Friday, February 1, 2013

Converting a dataset from wide to long


I recently had to convert a dataset that I was working with from a wide format to a long format for my analysis.  I struggled with this a bit, but finally found the right sources and the right package to do it, so I thought I'd share my practical example of reshaping data in R. This post is specifically helpful for those using Demographic and Health Survey (DHS) data.

The DHS dataset includes one observation for each woman. For each observation, there are 20 columns for each birth she could have had for 16 different characteristics.  If no birth happened then the cell is left missing. The characteristics include birth month, birth year, sex of the child, death month, death year, who the child lives with, current age of child, and so on.

For clarity, I've shortened the data to just 7 observations and two characteristics of each birth (b2 and b4) for 3 possible births:


Here v012 is the mother's age, all the b2 variables are year of births, and the b4 variables are the sex of the child.

So the first subject, aged 30, has had two births - one in 2000 and one in 2005, both boys.  Since she did not have a third birth yet, her values for b2_03 and b4_03 are missing.

I would like to convert this dataset to one where I have one observation per child born - i.e. from the wide format to the long format. Specifically, I would like the columns to just be the caseid of the mother, age of the mother, year of birth of the child, and sex of the child.

There are a number of ways of doing this in R, including melt() and cast()plyr()aggregate(), and others.  However, after a good deal of struggle and looking things up, I found that the reshape() function is the most intuitive and user-friendly for the needs of this problem. You don't need to use melt and cast at all, which are difficult to manipulate in my opinion.

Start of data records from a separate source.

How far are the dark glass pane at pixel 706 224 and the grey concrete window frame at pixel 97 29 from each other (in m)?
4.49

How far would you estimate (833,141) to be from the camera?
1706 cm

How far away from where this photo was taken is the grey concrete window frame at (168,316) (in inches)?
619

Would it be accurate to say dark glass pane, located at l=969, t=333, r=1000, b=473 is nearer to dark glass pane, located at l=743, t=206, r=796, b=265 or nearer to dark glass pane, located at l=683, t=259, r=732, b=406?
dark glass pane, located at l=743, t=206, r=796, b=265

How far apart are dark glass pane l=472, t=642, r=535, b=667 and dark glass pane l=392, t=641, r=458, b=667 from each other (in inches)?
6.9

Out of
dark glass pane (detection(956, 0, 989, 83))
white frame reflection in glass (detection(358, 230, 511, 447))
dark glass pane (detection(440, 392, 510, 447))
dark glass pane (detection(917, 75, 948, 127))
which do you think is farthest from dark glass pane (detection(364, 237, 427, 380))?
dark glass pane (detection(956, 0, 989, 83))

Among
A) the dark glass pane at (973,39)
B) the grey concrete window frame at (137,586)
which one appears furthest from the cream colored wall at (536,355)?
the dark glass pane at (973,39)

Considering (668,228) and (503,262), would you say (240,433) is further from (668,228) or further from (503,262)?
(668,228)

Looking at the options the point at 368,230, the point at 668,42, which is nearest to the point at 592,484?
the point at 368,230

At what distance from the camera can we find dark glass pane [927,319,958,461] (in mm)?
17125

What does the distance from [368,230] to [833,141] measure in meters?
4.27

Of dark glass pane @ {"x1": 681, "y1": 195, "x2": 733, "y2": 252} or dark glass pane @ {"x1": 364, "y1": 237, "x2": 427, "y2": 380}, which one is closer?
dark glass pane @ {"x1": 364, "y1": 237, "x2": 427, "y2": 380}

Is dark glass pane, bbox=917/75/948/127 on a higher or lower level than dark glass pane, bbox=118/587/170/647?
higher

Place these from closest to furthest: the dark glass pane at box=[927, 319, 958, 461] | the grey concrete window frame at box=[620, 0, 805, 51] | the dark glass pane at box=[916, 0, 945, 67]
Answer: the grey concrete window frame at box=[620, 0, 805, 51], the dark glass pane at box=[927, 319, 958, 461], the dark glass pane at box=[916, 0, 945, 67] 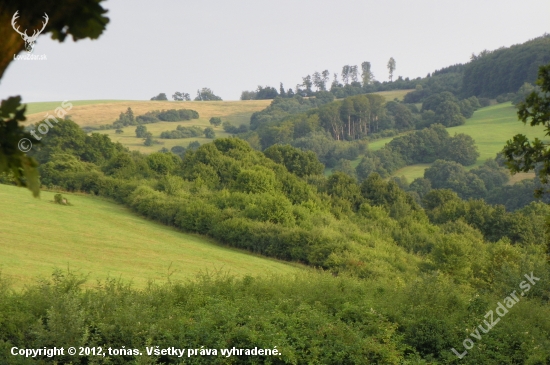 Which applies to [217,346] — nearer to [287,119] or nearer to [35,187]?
[35,187]

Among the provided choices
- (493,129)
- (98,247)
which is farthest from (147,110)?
(98,247)

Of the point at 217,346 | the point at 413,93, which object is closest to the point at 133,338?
the point at 217,346

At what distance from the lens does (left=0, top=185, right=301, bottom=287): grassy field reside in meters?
22.0

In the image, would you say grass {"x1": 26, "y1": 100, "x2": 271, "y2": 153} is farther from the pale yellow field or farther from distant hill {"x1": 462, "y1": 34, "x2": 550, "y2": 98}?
distant hill {"x1": 462, "y1": 34, "x2": 550, "y2": 98}

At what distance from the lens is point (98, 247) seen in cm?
2780

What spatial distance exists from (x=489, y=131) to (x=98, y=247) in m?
83.6

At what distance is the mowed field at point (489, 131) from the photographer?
87875 mm

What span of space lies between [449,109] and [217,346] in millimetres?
106822

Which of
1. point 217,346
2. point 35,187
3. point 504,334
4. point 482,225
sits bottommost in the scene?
point 482,225

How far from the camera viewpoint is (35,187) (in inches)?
57.8

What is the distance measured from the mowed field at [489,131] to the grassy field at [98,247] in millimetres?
55821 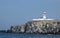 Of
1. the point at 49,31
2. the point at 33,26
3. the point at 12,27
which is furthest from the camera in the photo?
the point at 12,27

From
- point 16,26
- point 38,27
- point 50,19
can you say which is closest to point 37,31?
point 38,27

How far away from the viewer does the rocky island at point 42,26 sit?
379 ft

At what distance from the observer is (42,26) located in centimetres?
12144

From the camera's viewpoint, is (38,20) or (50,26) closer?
(50,26)

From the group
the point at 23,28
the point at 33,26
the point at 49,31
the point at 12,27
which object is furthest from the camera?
the point at 12,27

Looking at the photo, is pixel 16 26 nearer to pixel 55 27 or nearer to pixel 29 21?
pixel 29 21

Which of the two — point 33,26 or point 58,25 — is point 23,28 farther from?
point 58,25

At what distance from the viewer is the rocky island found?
116 metres

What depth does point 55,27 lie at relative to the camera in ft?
385

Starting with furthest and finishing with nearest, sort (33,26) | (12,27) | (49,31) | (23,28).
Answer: (12,27) < (23,28) < (33,26) < (49,31)

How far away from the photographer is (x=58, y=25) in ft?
393

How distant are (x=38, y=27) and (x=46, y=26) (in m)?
3.85

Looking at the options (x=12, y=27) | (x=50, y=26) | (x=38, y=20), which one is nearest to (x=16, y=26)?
(x=12, y=27)

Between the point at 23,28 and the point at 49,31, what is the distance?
18675mm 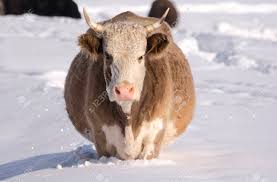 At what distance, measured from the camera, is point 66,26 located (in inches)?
804

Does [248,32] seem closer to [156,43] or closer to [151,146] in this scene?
[151,146]

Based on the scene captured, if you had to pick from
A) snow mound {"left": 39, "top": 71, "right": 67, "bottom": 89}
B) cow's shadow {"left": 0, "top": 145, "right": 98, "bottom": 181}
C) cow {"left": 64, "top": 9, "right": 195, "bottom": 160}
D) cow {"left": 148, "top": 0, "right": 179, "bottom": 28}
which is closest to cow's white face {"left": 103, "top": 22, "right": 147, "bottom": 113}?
cow {"left": 64, "top": 9, "right": 195, "bottom": 160}

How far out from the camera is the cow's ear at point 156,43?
6637mm

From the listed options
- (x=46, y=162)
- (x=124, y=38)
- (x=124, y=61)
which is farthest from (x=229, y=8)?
(x=124, y=61)

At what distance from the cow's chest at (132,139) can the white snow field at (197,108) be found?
6.5 inches

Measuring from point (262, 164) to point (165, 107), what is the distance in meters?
1.00

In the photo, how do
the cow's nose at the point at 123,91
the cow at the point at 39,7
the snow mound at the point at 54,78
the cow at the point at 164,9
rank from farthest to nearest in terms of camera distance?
the cow at the point at 39,7 < the snow mound at the point at 54,78 < the cow at the point at 164,9 < the cow's nose at the point at 123,91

The reshape() function takes in a number of important parameters that will be necessary for our transformation (there are more parameters than this, but I've boiled it down to the ones that are crucial):

reshape(data, varying = NULL, timevar = "time", idvar = "id", direction, sep = "")

where
data = dataframe you want to convert
varying = columns in the wide format that correspond to a single column in the long format
timevar = name of new variable that differentiates multiple observations from the same individual
idvar = variable in your dataset that identifies multiple records from the same individual
direction = "wide" if you're going from long to wide and "long" if you're going from wide to long
sep = the symbol that separates the name of a varying column from its number

Ok, so the most important thing about the reshape function is that you have to give it variable names that it can understand. Specifically, the columns that I want to turn into one column should all follow the same structure in the naming convention. It can be anything with a pattern like this:

Birthyear_1, Birthyear_2, Birthyear_3
b1, b2, b3
year.1, year.2, year.3

etc.  As long as they follow the same text and number pattern. If the dataset is not in this format, you will have a lot of problems and I suggest changing your variable names before trying to convert. For the first example, you would use sep="_", the second would be sep="", and the third is sep="." and all of these are valid.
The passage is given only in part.